U. S. Trust Co. v. Commissioner, supra, does not solve our problem. There a single trust was created by the original indenture but provision was made therein for the alteration of the trust in any respect and to any extent at any time by the three beneficiaries or their survivors subject to the approval of the grantor, if living, and thereafter the rights and powers of all parties concerned were to be the same as though the trust deed had originally been executed in the altered form. Changes were made by successive amendments which expressly converted the single trust into three trusts, the court holding that the evidence and findings left no doubt as to the intention so to do. In the case at bar the determination of the grantor's intention must be gathered solely from the terms of the grant. Nor does our decision in MacManus v. Commissioner, 6 Cir., 131 F.2d 670, decide the present controversy. There six separate and independent trusts were originally set up, each trust committed to the same trustee. The grantor being dissatisfied with the handling of the estate by the trustee desired to reconstitute the trusts so as to rehabilitate the assets. Two of the trusts having been terminated by distribution he transferred the corpus of four trusts for the benefit of four remaining beneficiaries to his oldest son as trustee, who executed a declaration of trust which, because of ambiguities found therein by the Tax Court, required interpretation since it referred variously to the trusts both in the singular and in the plural. This interpretation required consideration of a contemporaneous letter by the grantor to his son, wherein there was express reference to four trusts and a definite understanding that the four trusts were to remain intact. We have here no contemporaneous or subsequent illumination of the grantor's intention, and again are relegated to the terms of the instrument.

8

We said in Huntington National Bank v. Commissioner, supra, that where references to a trust are in the singular, that in the face of such designation frequently repeated, indications of a contrary intention should be clear even though terminology is not conclusive. In Johnson v. United States, 65 Ct. Cl. 285, certiorari denied, 278 U.S. 611, 49 S. Ct. 17, 73 L. Ed. 536, where the trustees were to divide the trust fund into three equal parts and directed to add accrued income to each part equally, it was held that the grantor had intended to create but a single trust.

9

So notwithstanding the provisions of § 2, it seems to us that the unbroken references in the trust instrument to a single trust, the subjection of the individual credits of beneficiaries to the contingencies recited in § 3 and subordinated to the power of the trustee to provide for emergencies out of invested corpus, all point to the intention of the grantor to create but a single trust. This is particularly so when we analyze § 4. There the trustees are given the power to pay to a beneficiary $5,000 in an emergency, out of the invested corpus of the estate, with the distinct proviso that in no event shall any part of the formulae be disposed of to provide such funds.
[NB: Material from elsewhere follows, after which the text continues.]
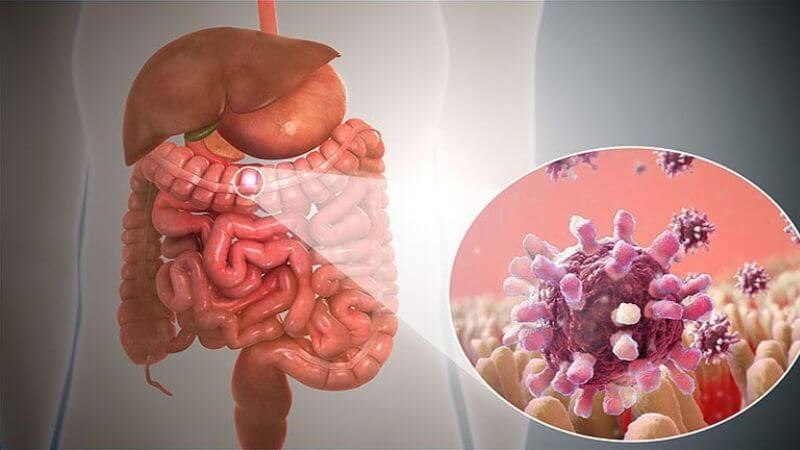 polyp hậu môn là bệnh gì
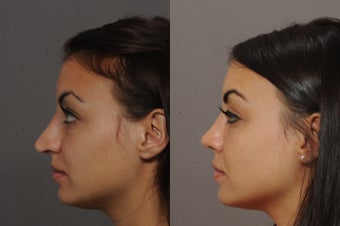 21 year old female underwent rhinoplasty 772880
It must be observed that the original res consisted solely of property which could neither be sold nor divided until the termination of the trust. The funds derived from royalties and credited pro-rata to the beneficiaries constituted the only available funds of the trust, and this is referred to in the instrument not as property of the beneficiaries but as the invested corpus of the estate. The grantor conceived the trust res to consist of both the formulae and the invested royalties with their accretions, a concept which we may not here disregard. And to make sure that emergencies would be taken care of out of investments of royalties, he provided that in no event should any part of the formulae be disposed of. This leads to the view that § 3 is merely a direction to the trustees as to the manner of keeping the accounts of the trust and not indicative of an intention to create multiple trusts. Our reasoning is consonant with that in Huntington National Bank case, supra.

10

The decree is reversed with direction to dismiss.